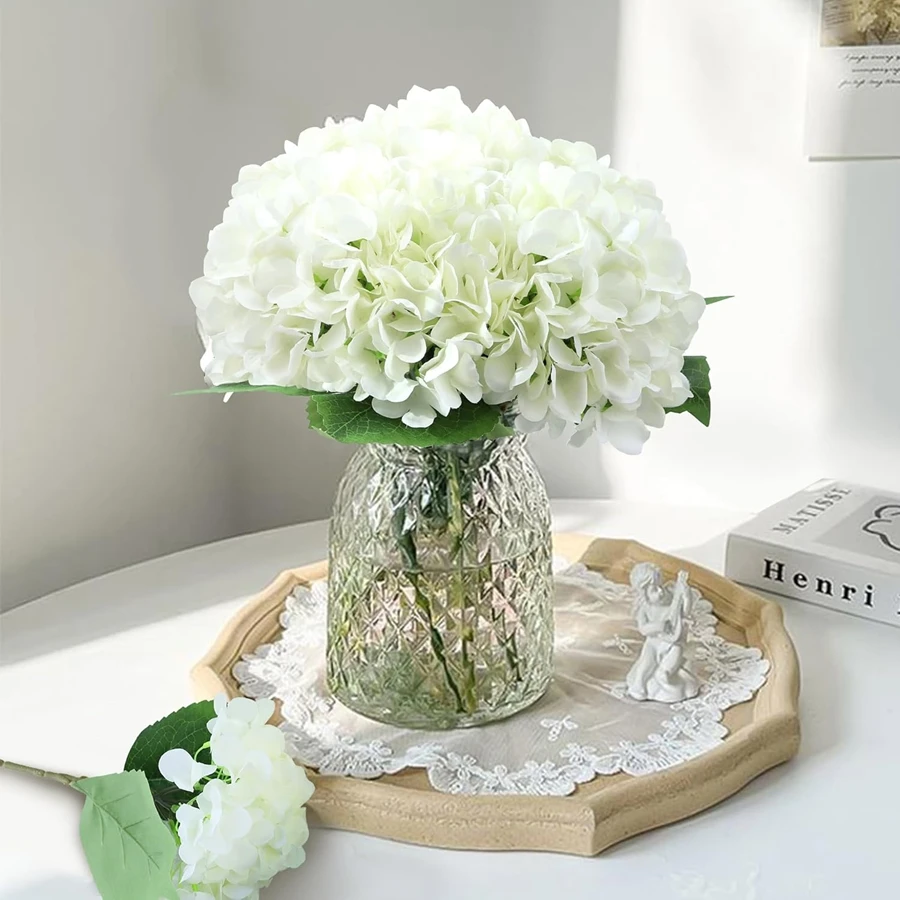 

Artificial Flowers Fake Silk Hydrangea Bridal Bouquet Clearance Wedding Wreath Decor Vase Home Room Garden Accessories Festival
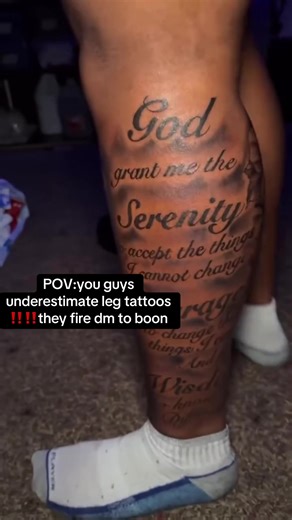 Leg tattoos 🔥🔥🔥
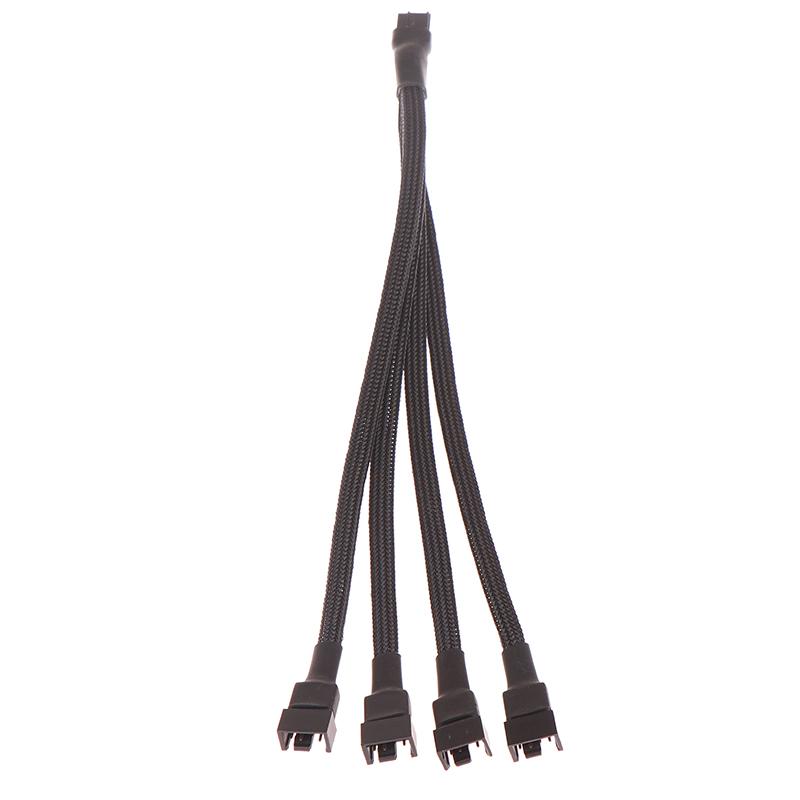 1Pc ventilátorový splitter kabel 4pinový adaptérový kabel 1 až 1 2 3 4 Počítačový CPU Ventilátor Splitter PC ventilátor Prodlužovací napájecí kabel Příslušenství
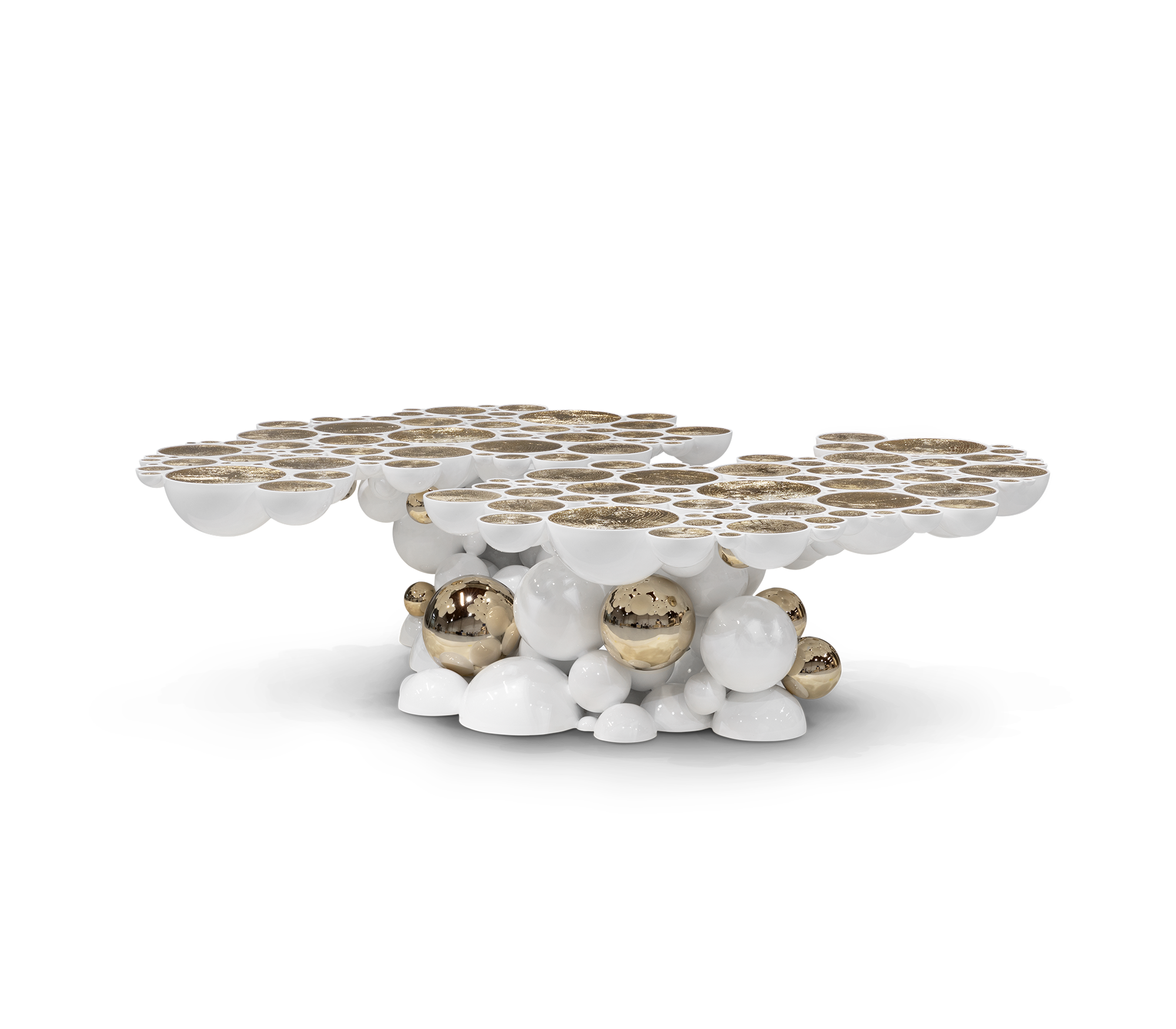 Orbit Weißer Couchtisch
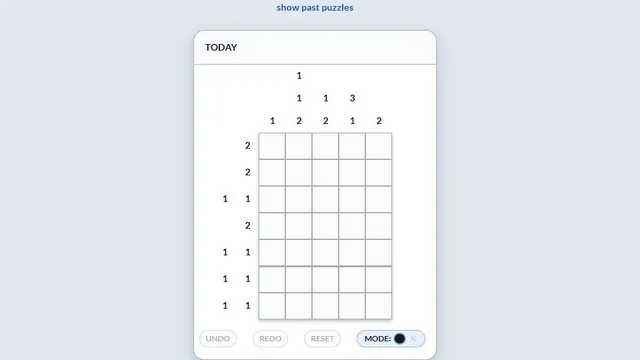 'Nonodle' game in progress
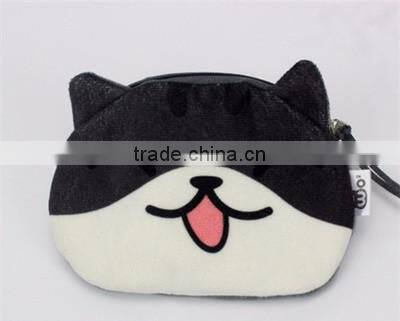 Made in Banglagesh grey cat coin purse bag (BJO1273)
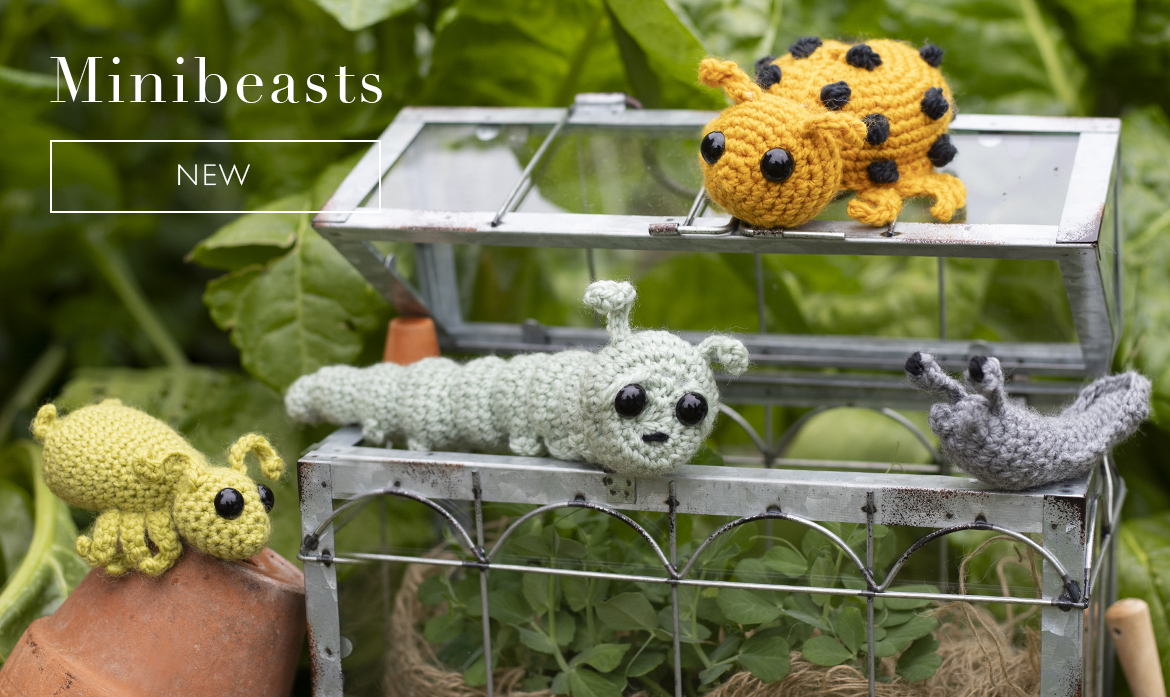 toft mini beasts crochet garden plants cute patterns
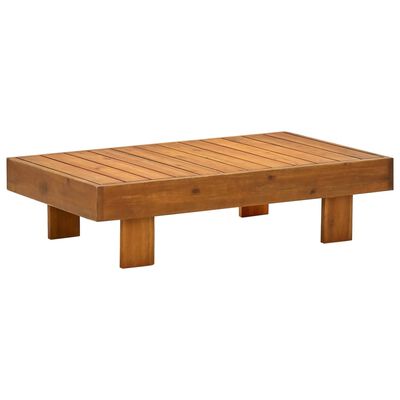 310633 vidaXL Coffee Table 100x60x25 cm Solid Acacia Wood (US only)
====
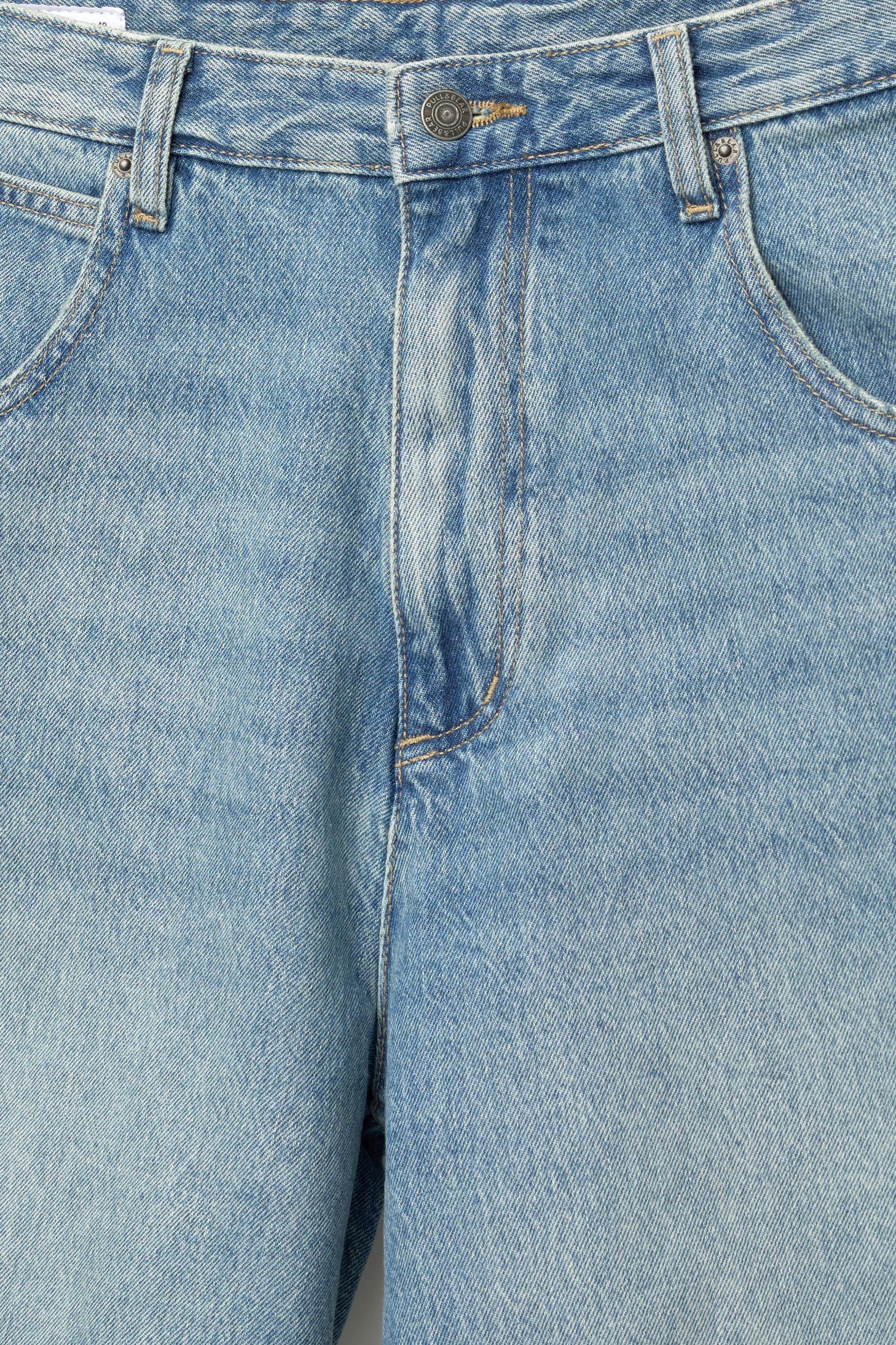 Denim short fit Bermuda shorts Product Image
====
## YOUR GOAL
Look above for the line containing "Orbit Weißer Couchtisch", then copy exactly from it through the line containing "310633 vidaXL Coffee", keeping both and leaving out pictures. Add nothing else.

## EXERCISE SOLUTION
 Orbit Weißer Couchtisch
 'Nonodle' game in progress
 Made in Banglagesh grey cat coin purse bag (BJO1273)
 toft mini beasts crochet garden plants cute patterns
 310633 vidaXL Coffee Table 100x60x25 cm Solid Acacia Wood (US only)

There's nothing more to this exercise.